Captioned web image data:
-------
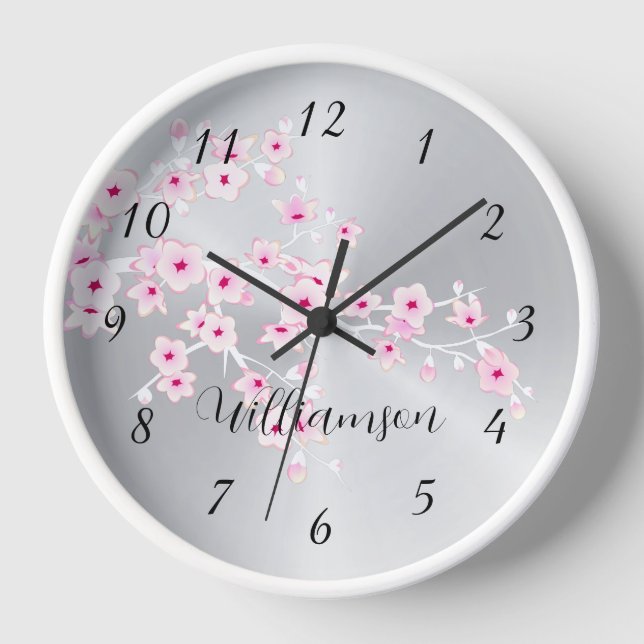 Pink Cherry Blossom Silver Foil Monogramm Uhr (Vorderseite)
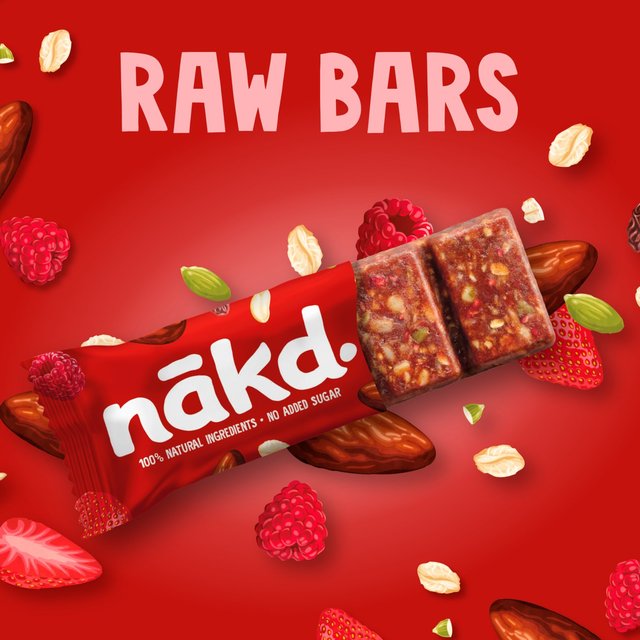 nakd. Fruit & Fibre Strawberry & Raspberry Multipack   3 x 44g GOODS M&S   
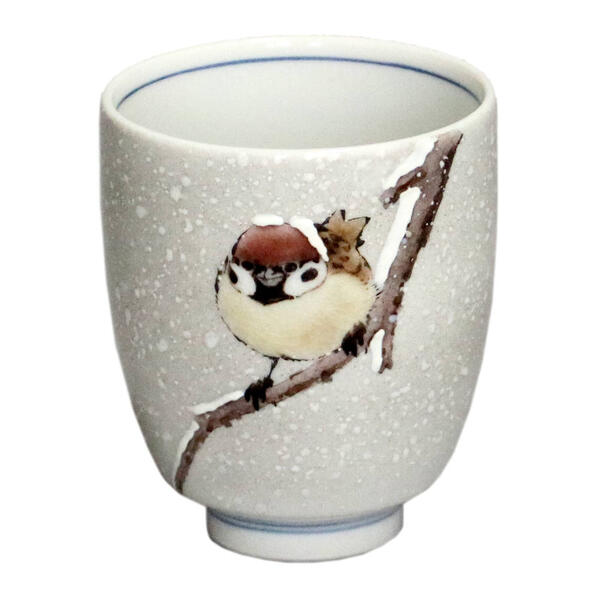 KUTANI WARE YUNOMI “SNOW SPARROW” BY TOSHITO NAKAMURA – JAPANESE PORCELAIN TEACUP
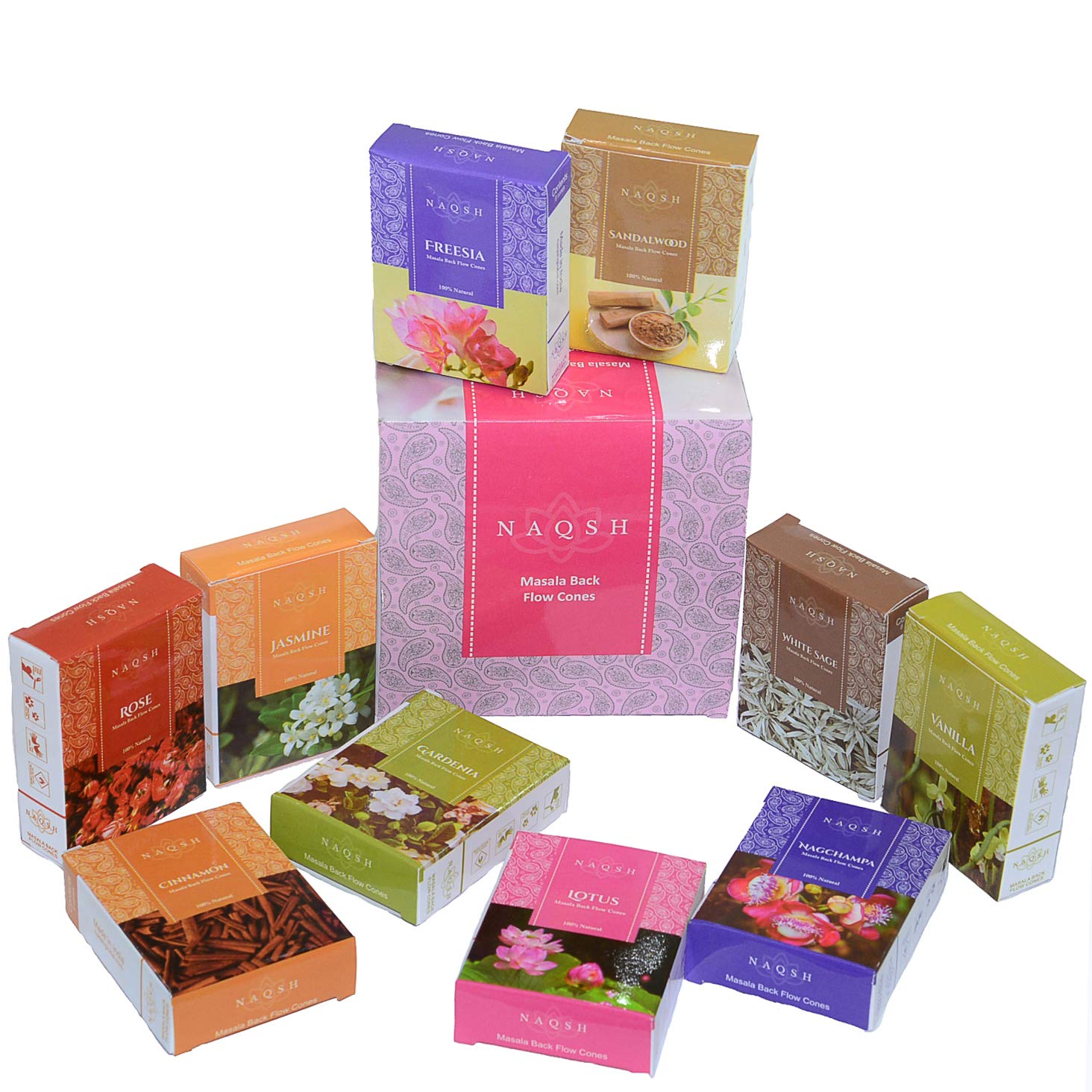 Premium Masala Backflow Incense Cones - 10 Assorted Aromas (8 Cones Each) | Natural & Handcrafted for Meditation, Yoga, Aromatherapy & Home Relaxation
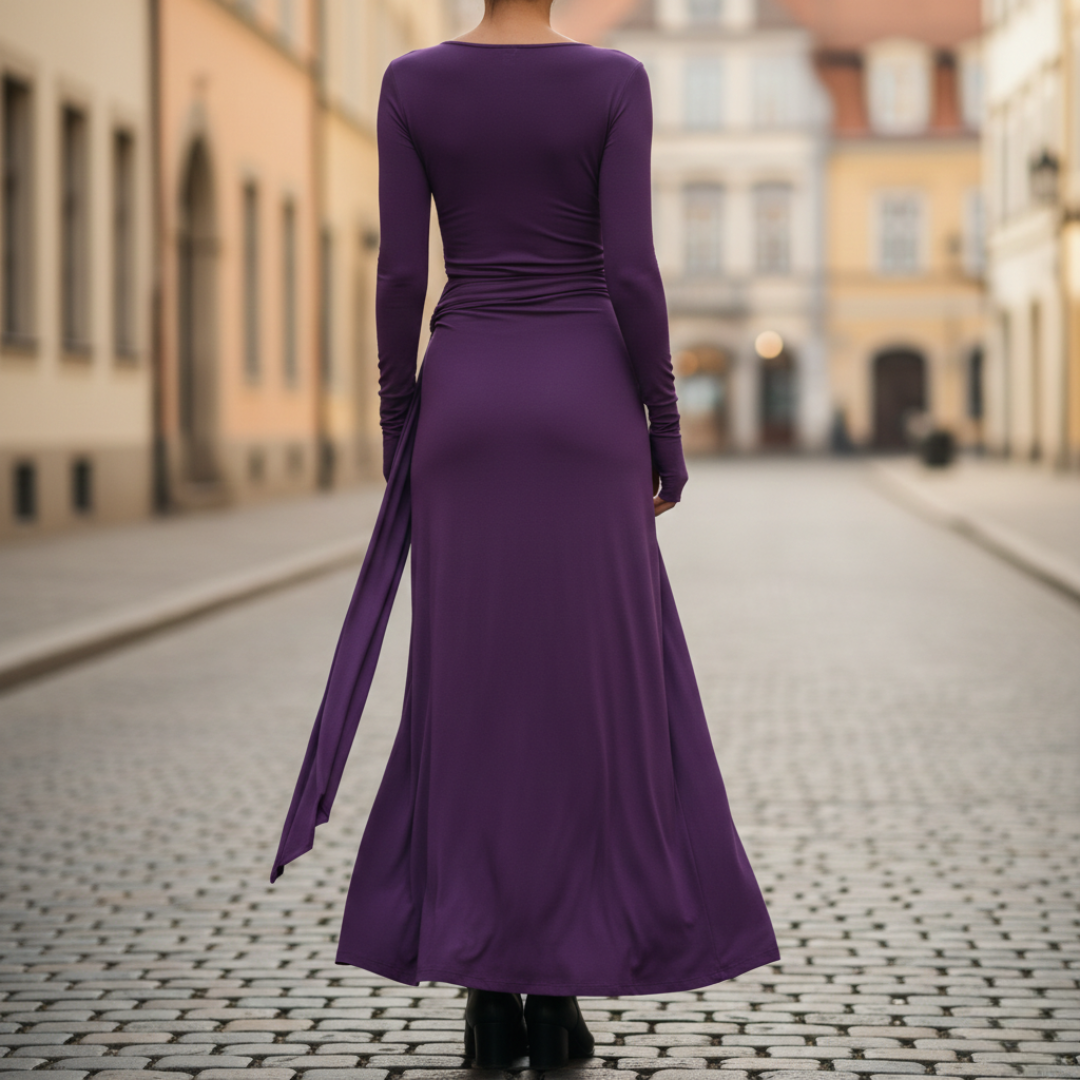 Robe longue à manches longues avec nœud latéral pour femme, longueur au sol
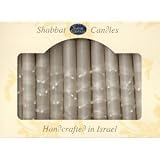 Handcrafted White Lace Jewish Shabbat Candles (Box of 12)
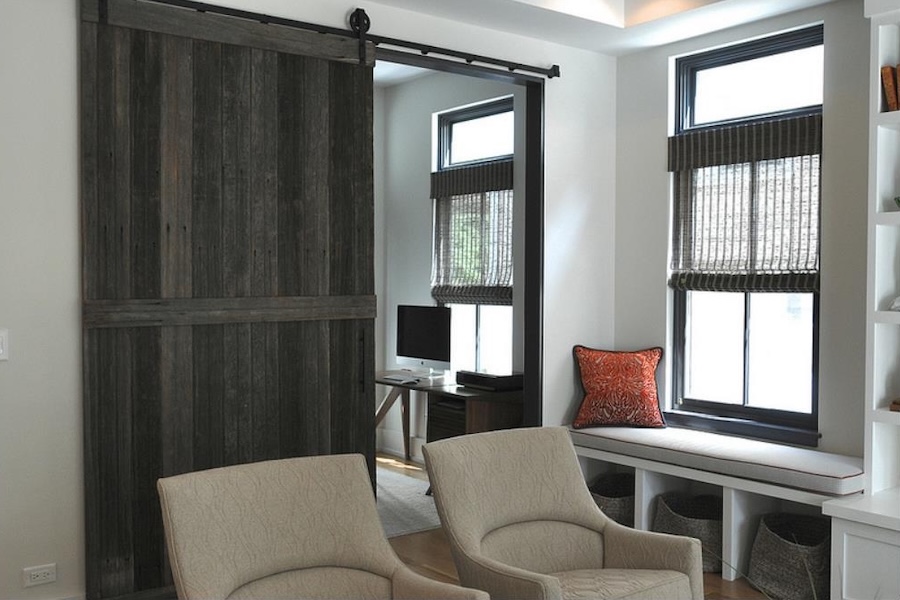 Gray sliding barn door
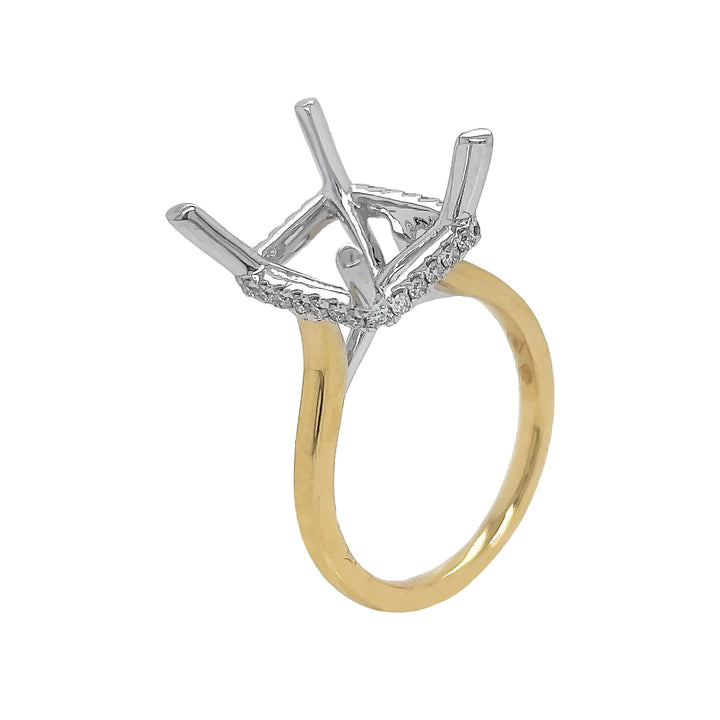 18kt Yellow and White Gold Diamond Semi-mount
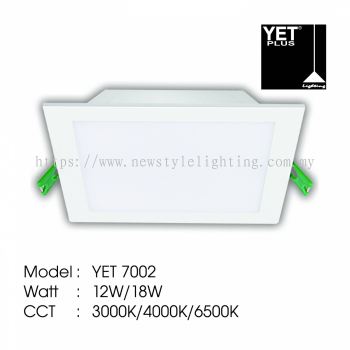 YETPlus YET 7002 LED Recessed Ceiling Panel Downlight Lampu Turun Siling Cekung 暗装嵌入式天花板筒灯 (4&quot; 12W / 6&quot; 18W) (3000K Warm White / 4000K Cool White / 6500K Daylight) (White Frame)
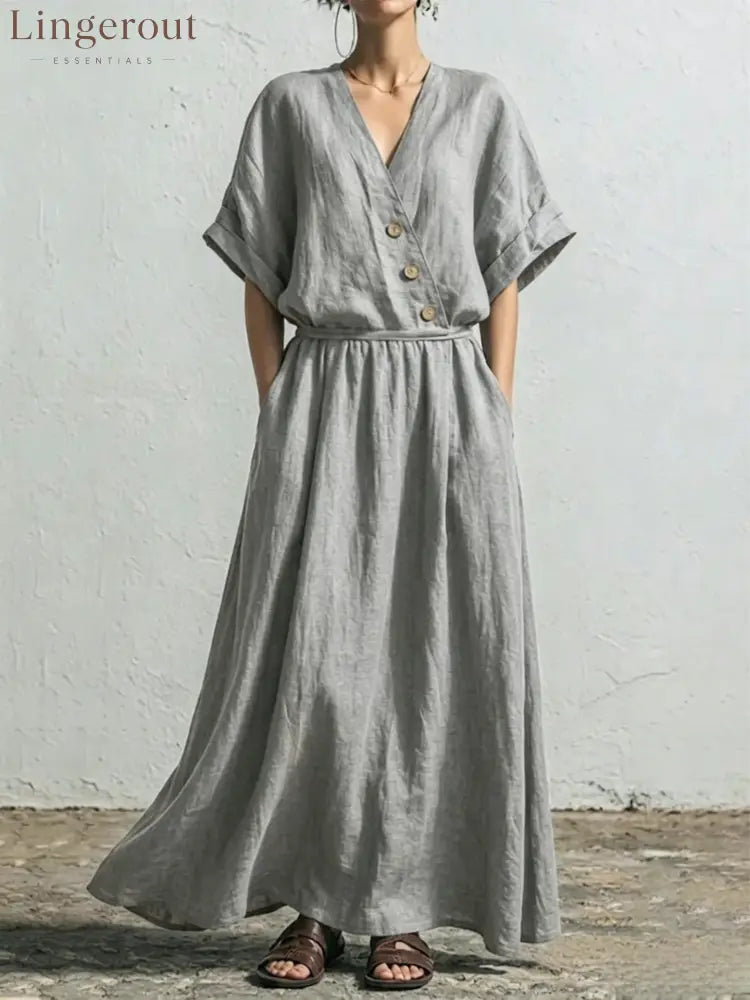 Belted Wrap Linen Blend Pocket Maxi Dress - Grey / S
-------
▸ TASK DIRECTIONS
The lines from the one containing "Gray sliding barn door" through the last line of the records are what you should copy, word for word and nothing else, with pictures left out.

▸ ANSWER SPACE
 Gray sliding barn door
 18kt Yellow and White Gold Diamond Semi-mount
 YETPlus YET 7002 LED Recessed Ceiling Panel Downlight Lampu Turun Siling Cekung 暗装嵌入式天花板筒灯 (4&quot; 12W / 6&quot; 18W) (3000K Warm White / 4000K Cool White / 6500K Daylight) (White Frame)
 Belted Wrap Linen Blend Pocket Maxi Dress - Grey / S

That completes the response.